Records from a data collection

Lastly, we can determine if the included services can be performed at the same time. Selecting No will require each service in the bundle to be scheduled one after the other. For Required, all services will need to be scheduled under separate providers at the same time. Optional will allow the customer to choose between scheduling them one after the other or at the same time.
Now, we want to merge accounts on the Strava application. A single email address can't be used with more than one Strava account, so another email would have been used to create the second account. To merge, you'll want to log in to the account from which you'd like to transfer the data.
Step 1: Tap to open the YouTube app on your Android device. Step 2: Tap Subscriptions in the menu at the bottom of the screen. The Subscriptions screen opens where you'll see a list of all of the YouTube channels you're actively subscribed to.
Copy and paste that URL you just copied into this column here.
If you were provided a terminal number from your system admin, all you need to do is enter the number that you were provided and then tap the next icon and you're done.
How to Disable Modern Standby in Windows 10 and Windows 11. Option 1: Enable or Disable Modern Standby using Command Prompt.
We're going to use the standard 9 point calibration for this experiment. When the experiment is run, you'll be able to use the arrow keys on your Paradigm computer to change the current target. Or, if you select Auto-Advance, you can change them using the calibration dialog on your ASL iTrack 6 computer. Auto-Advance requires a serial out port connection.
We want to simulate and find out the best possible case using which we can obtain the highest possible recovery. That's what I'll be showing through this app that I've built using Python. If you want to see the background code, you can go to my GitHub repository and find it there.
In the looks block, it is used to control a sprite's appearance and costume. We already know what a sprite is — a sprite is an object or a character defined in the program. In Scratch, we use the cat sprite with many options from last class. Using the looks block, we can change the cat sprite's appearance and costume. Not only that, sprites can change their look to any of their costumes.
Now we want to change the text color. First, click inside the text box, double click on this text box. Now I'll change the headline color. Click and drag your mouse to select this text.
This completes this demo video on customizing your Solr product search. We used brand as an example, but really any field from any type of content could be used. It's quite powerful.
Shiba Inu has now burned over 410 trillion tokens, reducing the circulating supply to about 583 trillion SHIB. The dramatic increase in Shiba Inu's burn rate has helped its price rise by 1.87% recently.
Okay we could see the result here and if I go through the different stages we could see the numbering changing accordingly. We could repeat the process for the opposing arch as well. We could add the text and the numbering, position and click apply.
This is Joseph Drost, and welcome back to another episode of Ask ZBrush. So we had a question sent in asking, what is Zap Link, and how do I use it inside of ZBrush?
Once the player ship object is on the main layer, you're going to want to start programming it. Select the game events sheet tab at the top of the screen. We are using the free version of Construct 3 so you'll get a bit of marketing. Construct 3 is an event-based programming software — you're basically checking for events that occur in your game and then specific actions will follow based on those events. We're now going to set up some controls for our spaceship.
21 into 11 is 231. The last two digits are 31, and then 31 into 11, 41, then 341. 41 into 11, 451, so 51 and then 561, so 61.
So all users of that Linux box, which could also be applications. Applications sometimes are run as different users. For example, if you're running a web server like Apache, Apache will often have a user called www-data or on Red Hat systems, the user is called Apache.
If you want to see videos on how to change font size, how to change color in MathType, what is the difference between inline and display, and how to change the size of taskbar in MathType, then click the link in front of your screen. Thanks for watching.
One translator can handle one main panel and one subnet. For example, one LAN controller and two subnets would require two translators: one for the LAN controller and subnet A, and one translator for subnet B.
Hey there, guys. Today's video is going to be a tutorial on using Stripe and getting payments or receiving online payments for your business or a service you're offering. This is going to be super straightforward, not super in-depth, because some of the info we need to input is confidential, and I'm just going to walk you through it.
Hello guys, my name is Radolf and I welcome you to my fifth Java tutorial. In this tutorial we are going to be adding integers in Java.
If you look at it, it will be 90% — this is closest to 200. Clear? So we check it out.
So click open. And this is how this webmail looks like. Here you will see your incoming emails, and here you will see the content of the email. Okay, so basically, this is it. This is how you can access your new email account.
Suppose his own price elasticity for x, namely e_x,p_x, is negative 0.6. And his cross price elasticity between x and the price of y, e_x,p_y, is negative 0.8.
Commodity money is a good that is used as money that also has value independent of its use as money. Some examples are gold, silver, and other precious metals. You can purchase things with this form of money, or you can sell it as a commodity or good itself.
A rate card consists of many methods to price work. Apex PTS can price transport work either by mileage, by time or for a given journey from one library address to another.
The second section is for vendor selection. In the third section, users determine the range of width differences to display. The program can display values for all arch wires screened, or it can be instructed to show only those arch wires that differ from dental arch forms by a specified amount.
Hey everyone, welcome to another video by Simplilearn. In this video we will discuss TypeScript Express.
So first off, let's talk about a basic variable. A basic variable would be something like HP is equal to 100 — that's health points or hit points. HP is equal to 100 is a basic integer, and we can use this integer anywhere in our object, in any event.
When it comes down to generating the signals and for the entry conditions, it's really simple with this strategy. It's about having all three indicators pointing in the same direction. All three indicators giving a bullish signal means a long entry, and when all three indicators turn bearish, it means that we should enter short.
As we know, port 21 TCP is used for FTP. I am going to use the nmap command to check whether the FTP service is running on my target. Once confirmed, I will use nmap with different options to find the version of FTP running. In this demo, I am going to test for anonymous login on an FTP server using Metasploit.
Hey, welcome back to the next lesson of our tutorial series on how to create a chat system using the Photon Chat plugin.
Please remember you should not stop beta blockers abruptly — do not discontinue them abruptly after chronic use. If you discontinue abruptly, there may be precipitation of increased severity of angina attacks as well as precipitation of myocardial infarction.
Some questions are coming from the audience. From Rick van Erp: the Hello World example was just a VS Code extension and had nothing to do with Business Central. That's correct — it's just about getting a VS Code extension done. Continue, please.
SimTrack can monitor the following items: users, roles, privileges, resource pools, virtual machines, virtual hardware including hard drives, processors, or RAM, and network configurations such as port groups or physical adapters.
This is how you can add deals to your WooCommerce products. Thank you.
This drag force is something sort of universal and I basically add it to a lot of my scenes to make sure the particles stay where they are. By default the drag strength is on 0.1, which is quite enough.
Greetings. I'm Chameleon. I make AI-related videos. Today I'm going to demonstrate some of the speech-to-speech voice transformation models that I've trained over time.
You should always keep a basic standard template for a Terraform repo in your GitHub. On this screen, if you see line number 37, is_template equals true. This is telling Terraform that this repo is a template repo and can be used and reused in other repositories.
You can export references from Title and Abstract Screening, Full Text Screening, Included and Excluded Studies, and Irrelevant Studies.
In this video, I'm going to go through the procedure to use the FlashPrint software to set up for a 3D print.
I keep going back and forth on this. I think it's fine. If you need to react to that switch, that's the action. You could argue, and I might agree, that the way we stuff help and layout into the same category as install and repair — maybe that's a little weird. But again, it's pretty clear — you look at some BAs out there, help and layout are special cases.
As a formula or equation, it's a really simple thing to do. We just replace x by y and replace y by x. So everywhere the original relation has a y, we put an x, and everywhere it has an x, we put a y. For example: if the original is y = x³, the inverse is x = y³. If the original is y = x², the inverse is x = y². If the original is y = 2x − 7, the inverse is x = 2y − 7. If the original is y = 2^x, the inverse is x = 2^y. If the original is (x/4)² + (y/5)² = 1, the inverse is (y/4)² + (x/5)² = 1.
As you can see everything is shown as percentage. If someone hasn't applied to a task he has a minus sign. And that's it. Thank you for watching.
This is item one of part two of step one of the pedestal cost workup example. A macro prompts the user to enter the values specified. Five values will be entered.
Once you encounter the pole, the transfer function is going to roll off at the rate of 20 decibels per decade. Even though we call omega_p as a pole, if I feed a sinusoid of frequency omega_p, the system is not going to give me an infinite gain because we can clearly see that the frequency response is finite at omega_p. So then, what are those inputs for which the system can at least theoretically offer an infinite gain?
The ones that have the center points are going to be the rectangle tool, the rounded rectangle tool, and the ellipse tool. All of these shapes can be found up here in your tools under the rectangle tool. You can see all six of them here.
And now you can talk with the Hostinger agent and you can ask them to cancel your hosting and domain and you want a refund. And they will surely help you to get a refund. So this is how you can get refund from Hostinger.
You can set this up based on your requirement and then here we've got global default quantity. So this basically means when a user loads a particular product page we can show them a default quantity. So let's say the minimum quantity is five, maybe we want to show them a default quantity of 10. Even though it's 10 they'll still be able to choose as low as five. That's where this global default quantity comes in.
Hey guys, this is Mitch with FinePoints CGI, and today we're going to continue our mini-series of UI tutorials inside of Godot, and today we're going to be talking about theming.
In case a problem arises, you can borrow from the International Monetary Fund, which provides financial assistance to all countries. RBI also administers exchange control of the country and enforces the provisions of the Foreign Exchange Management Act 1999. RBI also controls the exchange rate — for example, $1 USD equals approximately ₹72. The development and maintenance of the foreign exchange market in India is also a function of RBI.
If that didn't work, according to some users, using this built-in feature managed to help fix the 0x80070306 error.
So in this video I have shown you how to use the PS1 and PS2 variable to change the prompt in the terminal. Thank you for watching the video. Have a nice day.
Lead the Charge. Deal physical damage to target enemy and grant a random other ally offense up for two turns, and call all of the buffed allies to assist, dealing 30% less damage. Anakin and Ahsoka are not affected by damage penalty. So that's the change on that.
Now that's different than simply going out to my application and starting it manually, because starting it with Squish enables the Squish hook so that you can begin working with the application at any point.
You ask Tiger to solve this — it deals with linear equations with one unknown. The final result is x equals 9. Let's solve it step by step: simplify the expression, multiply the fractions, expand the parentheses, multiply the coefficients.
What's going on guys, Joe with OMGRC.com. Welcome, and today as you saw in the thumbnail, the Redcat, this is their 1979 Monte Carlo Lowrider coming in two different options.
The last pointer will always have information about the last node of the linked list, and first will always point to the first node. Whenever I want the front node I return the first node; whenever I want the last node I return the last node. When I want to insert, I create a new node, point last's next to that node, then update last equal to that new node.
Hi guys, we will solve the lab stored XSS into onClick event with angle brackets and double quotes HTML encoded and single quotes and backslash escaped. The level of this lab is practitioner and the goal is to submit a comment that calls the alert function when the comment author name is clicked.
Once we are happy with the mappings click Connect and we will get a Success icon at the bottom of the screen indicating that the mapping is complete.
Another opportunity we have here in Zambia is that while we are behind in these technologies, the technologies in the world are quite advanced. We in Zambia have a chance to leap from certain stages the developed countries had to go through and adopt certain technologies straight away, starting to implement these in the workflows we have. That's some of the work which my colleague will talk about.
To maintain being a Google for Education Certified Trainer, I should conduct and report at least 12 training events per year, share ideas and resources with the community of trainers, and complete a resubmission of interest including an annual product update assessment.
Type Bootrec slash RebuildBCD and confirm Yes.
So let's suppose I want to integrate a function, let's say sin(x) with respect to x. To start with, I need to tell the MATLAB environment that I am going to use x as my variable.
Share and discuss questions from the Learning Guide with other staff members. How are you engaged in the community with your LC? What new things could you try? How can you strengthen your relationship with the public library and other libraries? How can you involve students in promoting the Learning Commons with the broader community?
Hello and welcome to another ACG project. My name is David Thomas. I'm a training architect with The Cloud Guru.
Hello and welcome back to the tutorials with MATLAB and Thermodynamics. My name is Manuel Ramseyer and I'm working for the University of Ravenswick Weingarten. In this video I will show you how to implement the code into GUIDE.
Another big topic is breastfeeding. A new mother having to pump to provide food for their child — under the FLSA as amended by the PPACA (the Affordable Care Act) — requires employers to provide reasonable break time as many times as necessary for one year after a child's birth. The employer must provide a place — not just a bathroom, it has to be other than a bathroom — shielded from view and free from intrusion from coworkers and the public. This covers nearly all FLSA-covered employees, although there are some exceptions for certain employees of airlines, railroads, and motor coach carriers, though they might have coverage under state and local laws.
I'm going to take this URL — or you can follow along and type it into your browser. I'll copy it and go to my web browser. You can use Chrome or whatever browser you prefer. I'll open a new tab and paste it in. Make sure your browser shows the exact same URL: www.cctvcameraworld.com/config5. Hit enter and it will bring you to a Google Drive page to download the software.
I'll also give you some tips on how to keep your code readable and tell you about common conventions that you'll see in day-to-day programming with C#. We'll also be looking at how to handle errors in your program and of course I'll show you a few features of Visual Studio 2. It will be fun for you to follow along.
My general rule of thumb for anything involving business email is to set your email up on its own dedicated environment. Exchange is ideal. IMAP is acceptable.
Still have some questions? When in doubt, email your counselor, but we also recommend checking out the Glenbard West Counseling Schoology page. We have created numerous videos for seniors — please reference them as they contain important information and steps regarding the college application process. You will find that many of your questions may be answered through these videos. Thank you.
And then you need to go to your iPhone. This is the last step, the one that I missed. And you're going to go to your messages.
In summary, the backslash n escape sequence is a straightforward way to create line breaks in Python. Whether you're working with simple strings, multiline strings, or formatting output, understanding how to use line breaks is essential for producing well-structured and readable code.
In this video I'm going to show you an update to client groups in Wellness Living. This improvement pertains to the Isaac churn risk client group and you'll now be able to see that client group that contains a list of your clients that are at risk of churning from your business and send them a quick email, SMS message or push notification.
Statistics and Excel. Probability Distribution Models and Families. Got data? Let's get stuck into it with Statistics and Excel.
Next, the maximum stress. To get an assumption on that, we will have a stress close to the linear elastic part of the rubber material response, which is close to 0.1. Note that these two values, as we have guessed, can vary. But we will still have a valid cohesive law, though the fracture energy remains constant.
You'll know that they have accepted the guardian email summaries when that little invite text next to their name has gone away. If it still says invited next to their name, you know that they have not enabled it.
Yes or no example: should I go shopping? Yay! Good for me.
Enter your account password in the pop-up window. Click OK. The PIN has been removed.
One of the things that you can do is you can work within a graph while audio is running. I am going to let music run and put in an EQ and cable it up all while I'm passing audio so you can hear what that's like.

Exercise instructions
Say how many lines in the entries include the string "tutorials", and write nothing besides that number.

Result of this task
2